Seminar tersebut menghadirkan empat narasumber yaitu, Prof. Rokhmin Dahuri (Guru Besar Kelautan dan peirkanan IPB), Dr. Jaleswari Prordhawardhani (Deputi V Kantor Staf Presiden), Ir. Thomas Darmawan (Apindo), Dr. Muhammad Arif (Peneliti The Habibie Center), serta bertindak sebagai keynote speach Prof. Sjarief Wijaya (Kepala Badan Libang dan SDM Kementerian Kelautan dan Perikanan).
Dalam paparannya, Rokhmin menyebutkan, capaian kinerja kabinet Jokowi periode pertama diantaranya efek jera IUU fishing oleh nelayan asing, dwelling time menurun dari 8,5 hari menjadi 4 hari, logistic performance index membaik sehingga persentase biaya logistik terhadap PDB menurun. Kemudian, program tol laut pada umumnya telah meningkatkan efisiensi angkutan penumpang dan barang antarpulau yang berdampak pengurangan pada disparitas harga barang antara Jawa vs Luar Jawa, serta meningkatnya jumlah wisman dan devisa pariwisata.
"Tapi kinerja ekonomi kelautan dari nelayan dan masyarakat kelautan lain, pertumbuhan ekonomi, kontribusi terhadap PDB, nilai ekspor, pemerataan pembangunan, dan penyediaan lapangan kerja masih jauh dari optimal," ungkap Ketua DPP PDI Perjuangan Bidang Kemaritiman ini.
Bahkan kehidupan nelayan dan pembudidaya terutama marikultur dan perairan payau semakin susah. "14 pabrik surimi di Pantura mati suri dan sentra industri pengolahan perikanan di Belawan, Muara Baru, Cilacap, Benoa, Bitung, Ambon, Kaimana, dan Sorong juga mati suri akibat kekurangan bahan baku," beber Ketua umum Masyarakat Akualtur Indonesia (MAI) ini.
Rokhmin bilang, di bawah kepemimpinan Susi Pudjiastuti, banyak industri perikanan yang gulung tikar karena terus-terusan menerbitkan larangan. "Masalah utamanya di ekonomi sektoral hancur lebur. Walaupun dari sudut penegakan hukum saya kira sudah cukup membuahkan hasil. Paling tidak, ada efek jera soal illegal fishing, soal konservasi juga," akunya.
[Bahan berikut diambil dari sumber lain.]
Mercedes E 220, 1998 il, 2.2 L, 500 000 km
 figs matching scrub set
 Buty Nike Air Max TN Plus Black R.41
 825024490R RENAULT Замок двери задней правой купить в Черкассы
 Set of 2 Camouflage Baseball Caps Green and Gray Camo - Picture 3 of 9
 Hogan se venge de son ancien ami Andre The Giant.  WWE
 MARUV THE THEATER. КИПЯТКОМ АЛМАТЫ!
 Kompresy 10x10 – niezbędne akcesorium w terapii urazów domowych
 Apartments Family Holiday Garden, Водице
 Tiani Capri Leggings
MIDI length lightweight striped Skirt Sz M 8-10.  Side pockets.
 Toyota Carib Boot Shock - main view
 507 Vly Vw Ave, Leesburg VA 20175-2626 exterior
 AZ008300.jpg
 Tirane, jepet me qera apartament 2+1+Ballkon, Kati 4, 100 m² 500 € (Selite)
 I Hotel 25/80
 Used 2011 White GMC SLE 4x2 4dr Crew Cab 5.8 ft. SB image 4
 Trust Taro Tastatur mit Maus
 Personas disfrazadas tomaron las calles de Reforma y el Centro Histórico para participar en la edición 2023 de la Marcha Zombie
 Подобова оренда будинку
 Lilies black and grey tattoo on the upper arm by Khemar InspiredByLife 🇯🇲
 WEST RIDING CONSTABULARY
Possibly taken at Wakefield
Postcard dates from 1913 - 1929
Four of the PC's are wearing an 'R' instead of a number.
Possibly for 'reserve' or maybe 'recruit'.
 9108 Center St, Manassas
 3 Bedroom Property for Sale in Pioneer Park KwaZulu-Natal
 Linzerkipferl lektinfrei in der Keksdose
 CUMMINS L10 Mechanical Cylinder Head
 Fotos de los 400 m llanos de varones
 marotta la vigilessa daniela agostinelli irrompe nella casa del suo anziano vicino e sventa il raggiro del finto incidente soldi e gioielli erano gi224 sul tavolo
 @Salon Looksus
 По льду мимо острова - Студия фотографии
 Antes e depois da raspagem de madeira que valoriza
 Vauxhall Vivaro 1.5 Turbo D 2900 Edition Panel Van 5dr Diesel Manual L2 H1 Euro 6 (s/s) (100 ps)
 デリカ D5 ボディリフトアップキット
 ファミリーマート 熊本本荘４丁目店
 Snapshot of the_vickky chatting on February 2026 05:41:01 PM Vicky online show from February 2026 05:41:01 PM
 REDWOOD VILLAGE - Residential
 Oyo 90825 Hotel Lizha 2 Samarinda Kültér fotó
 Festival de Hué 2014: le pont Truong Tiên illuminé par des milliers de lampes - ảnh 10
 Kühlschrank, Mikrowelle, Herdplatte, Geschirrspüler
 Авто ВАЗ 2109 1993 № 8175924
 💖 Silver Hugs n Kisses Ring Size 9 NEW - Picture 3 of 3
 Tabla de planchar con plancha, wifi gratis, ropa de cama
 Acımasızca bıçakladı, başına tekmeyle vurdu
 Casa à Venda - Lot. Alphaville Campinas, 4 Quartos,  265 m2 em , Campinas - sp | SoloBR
Rokhmin juga menilai Menteri Susi kurang menangkap peluang pengembangan industri perikanan. Salah satunya budidaya perikanan atawa aquaculture. Padahal, potensinya di Indonesia sangat besar. Belum lagi mengenai value edit process, industri pengolahan dan industri bioteknologi juga dinilai belum dikembangkan dengan baik.
"Karena eksekusinya tadi hanya di satu dimensi saja, yakni di dimensi penegakan hukum. Tapi dimensi kesejahteraan dan dimensi ekonomi serta dimensi ipteknya kurang didorong," kritik dia. Apabila dari segi ekonomi, kesejahteraan dan iptek didorong dengan baik, maka pencapaiannya diyakini akan sangat baik.
Kepala Badan Riset dan SDM Kelautan dan Perikanan KKP Sjarief Widjaja menepis anggapan tersebut. Ia berdaih, efek penegakan hukum di perairan Indonesia sangat positif terhadap keberlangsungan kehidupan nelayan. "Yang terbesar capaiannya adalah, stok ikan sudah meningkat. Tahun 2013 masih 6,5 juta ton, sekarang sejak 2017 bisa mencapai 12,54 juta ton," kata dia.
Peningkatan stok ikan otomatis meningkatkan penghasilan nelayan. Selain itu, nilai tukar nelayan juga melesat dari yang semula 102-103 ke 113-114. Di sisi lain, nilai tukar usaha perikanan juga naik menjadi 127. Alhasi, Sjarief mengklaim, nilai kesejahteraan nelayan saat ini sudah meningkat.